- [Source material]:

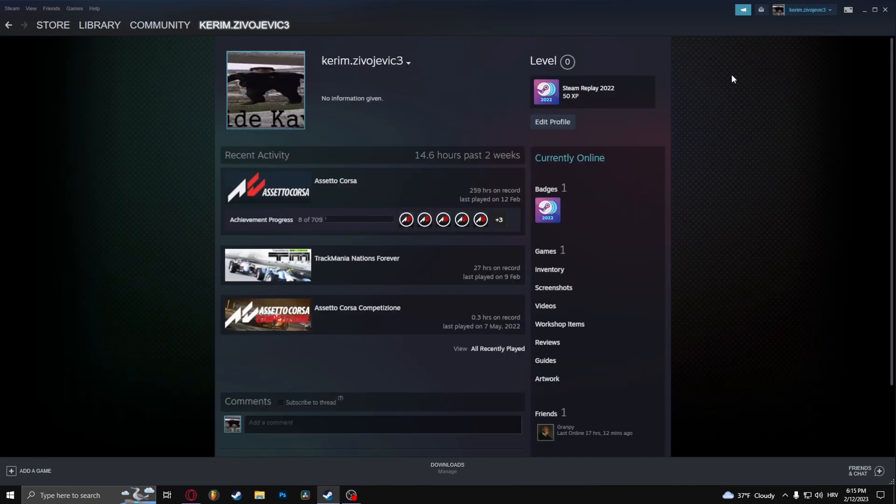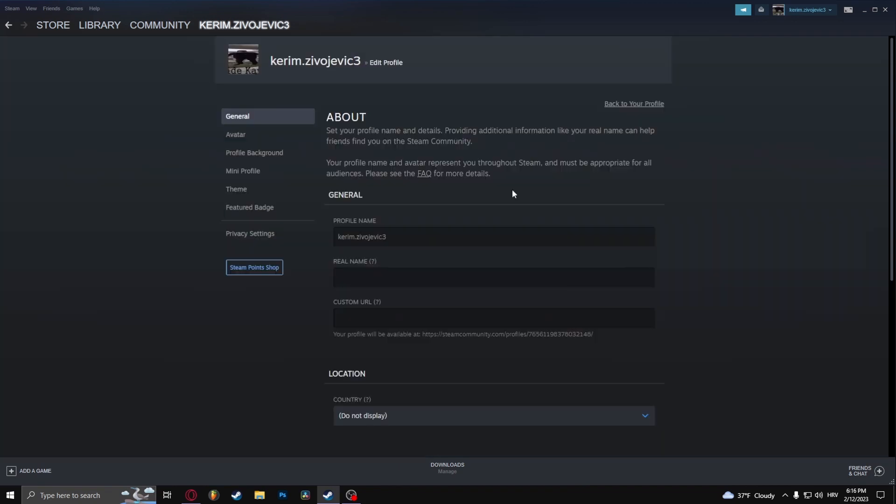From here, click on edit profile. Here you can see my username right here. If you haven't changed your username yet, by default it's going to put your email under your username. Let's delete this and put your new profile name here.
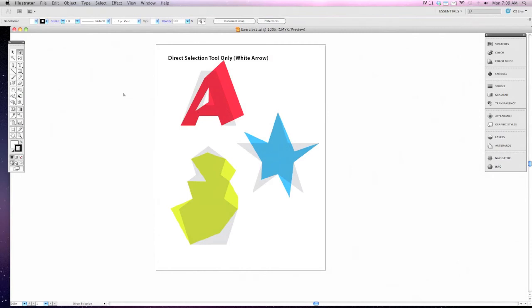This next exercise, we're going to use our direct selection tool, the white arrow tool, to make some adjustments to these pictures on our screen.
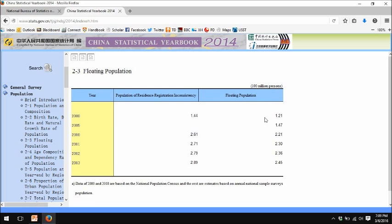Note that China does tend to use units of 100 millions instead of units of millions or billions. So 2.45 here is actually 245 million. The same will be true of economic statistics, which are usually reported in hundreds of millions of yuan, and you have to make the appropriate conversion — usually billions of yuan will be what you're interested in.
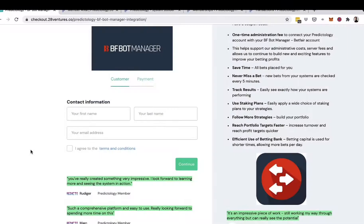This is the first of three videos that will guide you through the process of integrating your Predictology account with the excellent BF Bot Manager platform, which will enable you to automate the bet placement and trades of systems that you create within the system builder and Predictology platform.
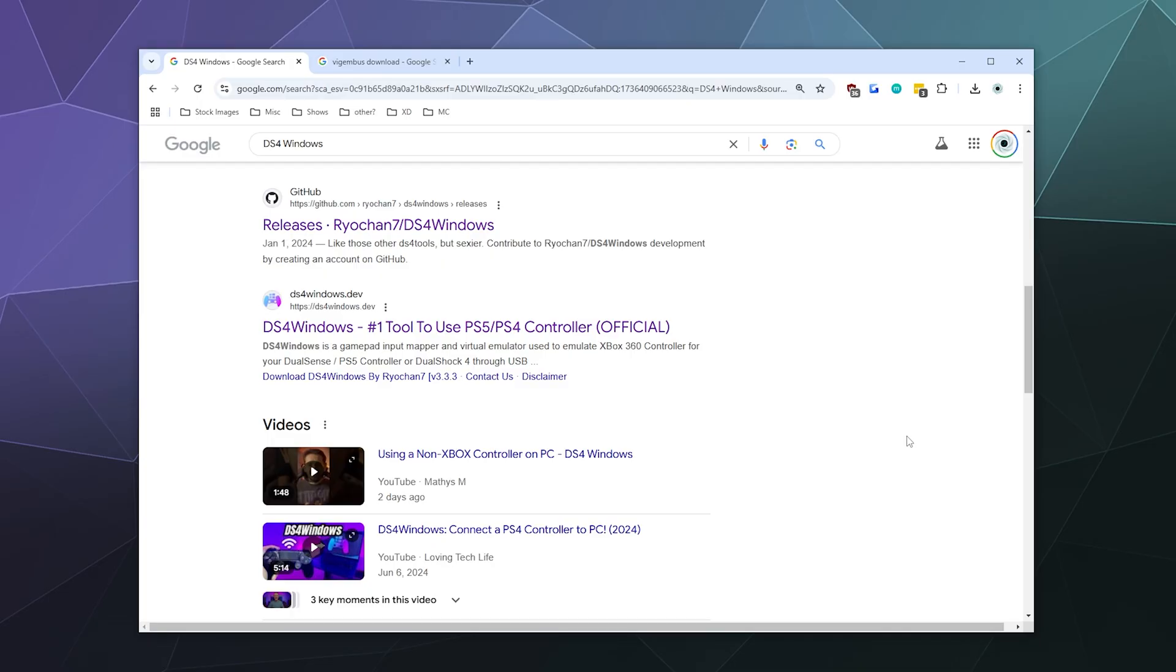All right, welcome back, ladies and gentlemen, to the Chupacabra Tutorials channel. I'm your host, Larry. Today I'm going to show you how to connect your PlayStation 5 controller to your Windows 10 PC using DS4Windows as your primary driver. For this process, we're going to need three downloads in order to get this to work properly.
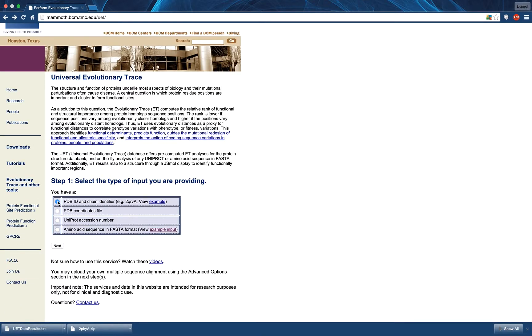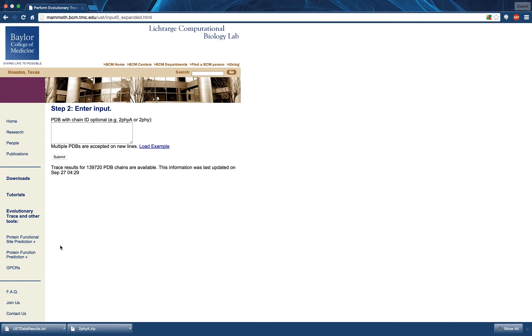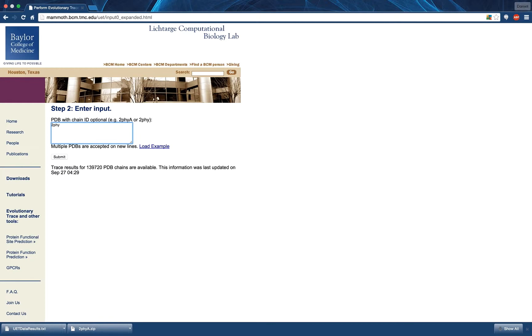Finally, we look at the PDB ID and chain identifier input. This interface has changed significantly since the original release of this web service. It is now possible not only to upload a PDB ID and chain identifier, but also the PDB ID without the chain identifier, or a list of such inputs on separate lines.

- [What to do]: An image-free, exact version of the listing above is required.

- [Solution to this task]:
From here, click on edit profile. Here you can see my username right here. If you haven't changed your username yet, by default it's going to put your email under your username. Let's delete this and put your new profile name here.
This next exercise, we're going to use our direct selection tool, the white arrow tool, to make some adjustments to these pictures on our screen.
Note that China does tend to use units of 100 millions instead of units of millions or billions. So 2.45 here is actually 245 million. The same will be true of economic statistics, which are usually reported in hundreds of millions of yuan, and you have to make the appropriate conversion — usually billions of yuan will be what you're interested in.
This is the first of three videos that will guide you through the process of integrating your Predictology account with the excellent BF Bot Manager platform, which will enable you to automate the bet placement and trades of systems that you create within the system builder and Predictology platform.
All right, welcome back, ladies and gentlemen, to the Chupacabra Tutorials channel. I'm your host, Larry. Today I'm going to show you how to connect your PlayStation 5 controller to your Windows 10 PC using DS4Windows as your primary driver. For this process, we're going to need three downloads in order to get this to work properly.
Finally, we look at the PDB ID and chain identifier input. This interface has changed significantly since the original release of this web service. It is now possible not only to upload a PDB ID and chain identifier, but also the PDB ID without the chain identifier, or a list of such inputs on separate lines.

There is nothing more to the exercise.